As another example, much of the research in the social sciences requires approval of the Institutional Review Board; through some changes of process last year, the median time to approval by the non-medical IRB has been cut by more than half, “resulting in reduced processing times and happier faculty,” as one senior faculty member told us.
How will you monitor accountability and make sure changes are having the desired effect?
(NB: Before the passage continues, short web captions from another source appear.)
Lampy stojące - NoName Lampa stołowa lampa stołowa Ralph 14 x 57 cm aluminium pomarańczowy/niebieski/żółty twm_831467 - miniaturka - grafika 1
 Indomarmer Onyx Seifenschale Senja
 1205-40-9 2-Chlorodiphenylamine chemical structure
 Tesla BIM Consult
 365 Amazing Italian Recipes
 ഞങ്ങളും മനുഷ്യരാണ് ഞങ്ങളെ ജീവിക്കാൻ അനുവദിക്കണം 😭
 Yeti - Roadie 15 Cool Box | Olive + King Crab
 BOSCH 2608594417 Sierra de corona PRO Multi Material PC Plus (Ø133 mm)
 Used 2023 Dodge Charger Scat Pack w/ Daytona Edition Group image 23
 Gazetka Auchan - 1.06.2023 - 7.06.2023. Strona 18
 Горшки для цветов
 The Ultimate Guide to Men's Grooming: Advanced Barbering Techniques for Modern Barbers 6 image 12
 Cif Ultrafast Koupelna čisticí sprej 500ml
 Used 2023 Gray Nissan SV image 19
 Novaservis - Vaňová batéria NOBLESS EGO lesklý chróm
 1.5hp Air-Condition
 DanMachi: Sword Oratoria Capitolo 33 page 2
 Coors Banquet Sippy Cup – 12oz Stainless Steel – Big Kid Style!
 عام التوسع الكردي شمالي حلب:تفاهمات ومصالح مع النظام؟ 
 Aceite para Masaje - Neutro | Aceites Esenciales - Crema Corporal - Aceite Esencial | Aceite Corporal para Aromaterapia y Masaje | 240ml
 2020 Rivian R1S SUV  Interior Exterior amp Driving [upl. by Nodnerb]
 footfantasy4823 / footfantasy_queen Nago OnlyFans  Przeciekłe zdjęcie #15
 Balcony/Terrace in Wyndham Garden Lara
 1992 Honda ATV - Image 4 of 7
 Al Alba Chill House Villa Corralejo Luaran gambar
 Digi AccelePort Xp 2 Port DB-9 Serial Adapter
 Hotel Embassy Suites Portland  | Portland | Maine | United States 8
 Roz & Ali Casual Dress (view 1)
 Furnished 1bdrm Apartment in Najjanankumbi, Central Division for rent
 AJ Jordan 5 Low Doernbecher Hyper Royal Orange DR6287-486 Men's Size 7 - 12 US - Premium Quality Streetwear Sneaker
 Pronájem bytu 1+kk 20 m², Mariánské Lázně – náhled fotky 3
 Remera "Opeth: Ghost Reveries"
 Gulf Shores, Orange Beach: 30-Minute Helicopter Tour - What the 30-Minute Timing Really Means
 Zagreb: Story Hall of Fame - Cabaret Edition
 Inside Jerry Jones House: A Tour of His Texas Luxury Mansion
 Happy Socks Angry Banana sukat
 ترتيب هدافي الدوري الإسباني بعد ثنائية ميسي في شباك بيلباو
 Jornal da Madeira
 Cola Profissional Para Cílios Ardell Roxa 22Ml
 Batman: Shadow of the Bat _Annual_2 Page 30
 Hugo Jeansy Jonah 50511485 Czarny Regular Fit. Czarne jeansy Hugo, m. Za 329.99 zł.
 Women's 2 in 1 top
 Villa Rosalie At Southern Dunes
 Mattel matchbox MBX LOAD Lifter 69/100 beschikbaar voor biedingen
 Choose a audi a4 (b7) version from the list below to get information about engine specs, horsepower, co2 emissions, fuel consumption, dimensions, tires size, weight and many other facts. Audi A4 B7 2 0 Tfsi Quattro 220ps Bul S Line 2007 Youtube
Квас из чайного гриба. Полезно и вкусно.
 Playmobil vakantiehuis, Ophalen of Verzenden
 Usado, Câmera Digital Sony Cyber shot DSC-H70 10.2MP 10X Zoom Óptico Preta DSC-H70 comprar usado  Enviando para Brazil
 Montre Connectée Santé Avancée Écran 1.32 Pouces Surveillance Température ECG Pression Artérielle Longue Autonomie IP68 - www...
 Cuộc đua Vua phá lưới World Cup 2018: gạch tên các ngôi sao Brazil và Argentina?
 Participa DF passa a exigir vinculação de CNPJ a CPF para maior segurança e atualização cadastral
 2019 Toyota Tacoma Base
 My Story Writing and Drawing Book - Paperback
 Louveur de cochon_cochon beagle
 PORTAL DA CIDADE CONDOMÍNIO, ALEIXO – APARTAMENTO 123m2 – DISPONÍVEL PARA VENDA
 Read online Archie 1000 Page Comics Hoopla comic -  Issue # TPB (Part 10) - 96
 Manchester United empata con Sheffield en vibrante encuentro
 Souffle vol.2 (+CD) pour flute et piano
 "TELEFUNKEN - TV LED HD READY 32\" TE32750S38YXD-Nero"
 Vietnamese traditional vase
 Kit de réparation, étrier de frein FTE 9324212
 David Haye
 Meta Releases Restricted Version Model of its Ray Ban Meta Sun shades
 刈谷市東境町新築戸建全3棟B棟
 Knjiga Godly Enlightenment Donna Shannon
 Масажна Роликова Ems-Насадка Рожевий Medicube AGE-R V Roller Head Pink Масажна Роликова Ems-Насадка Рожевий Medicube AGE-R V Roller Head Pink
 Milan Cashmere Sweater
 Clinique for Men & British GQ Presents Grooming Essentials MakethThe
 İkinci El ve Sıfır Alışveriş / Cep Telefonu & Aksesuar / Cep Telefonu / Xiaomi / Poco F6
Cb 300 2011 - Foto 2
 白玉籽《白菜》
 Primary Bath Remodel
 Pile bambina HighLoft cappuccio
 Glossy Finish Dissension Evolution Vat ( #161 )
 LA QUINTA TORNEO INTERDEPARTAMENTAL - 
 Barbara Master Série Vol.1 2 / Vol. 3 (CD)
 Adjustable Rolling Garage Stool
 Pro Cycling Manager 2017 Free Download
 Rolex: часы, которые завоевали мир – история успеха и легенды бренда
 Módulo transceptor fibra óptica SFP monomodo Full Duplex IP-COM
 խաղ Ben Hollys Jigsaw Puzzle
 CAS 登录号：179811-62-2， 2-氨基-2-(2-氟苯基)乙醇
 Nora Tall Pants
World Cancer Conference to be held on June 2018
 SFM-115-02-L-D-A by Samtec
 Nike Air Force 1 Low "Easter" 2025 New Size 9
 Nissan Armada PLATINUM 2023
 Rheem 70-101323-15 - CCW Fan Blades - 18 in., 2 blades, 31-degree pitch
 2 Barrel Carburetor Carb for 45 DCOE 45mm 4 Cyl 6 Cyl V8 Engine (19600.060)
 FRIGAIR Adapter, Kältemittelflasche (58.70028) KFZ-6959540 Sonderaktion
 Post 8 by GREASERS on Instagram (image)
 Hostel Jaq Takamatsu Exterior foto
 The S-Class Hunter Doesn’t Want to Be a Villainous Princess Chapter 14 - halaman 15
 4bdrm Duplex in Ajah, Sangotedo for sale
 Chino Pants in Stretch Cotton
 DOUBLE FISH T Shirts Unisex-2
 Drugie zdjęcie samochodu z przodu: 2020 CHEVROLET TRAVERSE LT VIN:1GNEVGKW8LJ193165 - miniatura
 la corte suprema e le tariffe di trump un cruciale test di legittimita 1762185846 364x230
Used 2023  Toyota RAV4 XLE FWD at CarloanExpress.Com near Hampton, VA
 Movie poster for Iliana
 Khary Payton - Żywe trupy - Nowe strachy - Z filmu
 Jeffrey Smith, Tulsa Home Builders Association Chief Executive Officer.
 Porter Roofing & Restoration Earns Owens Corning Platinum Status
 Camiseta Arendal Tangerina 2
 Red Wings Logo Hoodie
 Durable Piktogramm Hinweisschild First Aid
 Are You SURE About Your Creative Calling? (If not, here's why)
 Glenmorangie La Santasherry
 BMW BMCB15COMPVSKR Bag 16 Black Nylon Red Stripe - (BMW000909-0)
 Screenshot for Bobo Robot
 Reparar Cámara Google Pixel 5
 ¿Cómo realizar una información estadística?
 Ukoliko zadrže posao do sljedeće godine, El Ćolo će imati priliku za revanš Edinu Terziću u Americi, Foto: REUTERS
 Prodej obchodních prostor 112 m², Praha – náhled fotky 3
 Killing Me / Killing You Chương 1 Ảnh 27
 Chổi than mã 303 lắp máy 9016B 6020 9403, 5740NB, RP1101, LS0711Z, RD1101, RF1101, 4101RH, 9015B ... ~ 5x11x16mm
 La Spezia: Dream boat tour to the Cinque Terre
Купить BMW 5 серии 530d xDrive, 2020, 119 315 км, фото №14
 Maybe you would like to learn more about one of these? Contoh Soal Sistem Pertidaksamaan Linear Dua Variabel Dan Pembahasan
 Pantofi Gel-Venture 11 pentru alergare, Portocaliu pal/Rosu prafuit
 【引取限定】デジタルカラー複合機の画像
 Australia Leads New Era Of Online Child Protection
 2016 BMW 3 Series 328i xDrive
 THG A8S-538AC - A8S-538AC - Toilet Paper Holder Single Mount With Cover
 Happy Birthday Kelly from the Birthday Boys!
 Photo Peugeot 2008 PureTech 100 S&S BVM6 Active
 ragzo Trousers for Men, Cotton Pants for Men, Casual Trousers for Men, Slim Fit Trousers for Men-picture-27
Saller: We’ve asked administrative units to provide metrics, where applicable, in their submissions and then to monitor changes in the coming year in order to evaluate their efficacy. By measuring how well they’re working, we can make informed decisions about what to keep in place, adapt, expand, and consider implementing more broadly. We’ll also listen closely to the people involved in these processes, both as administrators and users, so that we can understand and address what they’re experiencing.
What’s next?
Etchemendy: Well, we’ve only just begun. The university is a very large place, and there are many offices that can reduce the administrative friction that takes time away from our core missions of teaching, research, and clinical care. We will be continuing our work through this year and next, and hope that by the end, we will have made a noticeable difference in the efficiency of everything we do.
I believe that Stanford is the strongest, most innovative research university in the world. If we can make ourselves the most efficient as well, just think how much more we can contribute to the world!